SUPPLIED MATERIAL:
☆ ☆ ☆ ☆

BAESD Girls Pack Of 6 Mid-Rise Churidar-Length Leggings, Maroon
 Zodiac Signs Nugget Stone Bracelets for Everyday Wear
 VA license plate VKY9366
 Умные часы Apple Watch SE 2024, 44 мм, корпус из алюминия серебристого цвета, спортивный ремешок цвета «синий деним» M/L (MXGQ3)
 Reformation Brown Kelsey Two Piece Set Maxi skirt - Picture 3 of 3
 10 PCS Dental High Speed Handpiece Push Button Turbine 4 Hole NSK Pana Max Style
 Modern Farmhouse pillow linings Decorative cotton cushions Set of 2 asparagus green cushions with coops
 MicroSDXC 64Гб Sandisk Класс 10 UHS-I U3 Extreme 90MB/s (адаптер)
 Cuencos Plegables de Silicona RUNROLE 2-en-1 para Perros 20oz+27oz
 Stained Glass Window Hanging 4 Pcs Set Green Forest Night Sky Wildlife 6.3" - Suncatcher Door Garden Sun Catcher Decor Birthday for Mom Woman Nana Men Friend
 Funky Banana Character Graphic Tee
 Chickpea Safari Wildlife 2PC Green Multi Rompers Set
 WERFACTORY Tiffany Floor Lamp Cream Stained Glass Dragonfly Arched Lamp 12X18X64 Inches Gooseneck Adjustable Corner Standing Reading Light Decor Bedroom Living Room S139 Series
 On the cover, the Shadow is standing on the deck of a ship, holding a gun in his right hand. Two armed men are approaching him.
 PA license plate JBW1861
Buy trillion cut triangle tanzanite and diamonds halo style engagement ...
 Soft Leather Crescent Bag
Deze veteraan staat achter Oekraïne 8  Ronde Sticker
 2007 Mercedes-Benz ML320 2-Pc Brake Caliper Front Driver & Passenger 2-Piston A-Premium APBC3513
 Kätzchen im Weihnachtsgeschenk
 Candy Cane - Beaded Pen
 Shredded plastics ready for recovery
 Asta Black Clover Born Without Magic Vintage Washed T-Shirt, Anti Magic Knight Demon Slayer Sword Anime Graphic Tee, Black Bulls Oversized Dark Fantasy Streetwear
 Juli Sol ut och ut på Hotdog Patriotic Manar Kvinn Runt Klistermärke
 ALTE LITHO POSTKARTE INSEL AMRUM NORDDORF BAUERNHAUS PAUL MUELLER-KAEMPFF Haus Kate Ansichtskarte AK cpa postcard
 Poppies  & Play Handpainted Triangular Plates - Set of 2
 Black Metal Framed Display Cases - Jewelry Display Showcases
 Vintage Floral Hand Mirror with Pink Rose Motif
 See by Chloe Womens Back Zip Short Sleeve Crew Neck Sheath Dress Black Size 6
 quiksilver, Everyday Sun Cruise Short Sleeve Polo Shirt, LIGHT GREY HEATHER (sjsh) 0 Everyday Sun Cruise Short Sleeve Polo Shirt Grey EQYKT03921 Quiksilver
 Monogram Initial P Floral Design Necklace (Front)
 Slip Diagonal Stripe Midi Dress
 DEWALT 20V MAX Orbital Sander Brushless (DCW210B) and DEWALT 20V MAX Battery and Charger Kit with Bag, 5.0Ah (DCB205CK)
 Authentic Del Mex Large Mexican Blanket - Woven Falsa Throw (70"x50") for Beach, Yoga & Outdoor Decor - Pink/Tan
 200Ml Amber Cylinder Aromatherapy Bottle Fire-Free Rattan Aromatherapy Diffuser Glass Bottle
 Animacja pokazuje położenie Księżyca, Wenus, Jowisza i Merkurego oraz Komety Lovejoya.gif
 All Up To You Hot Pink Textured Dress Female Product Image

☆ ☆ ☆ ☆

WHAT THE TASK ASKS: Throughout the listing, how many lines contain the string "Floral"? Give the number on its own.

RESPONSE TO THIS EXERCISE: 2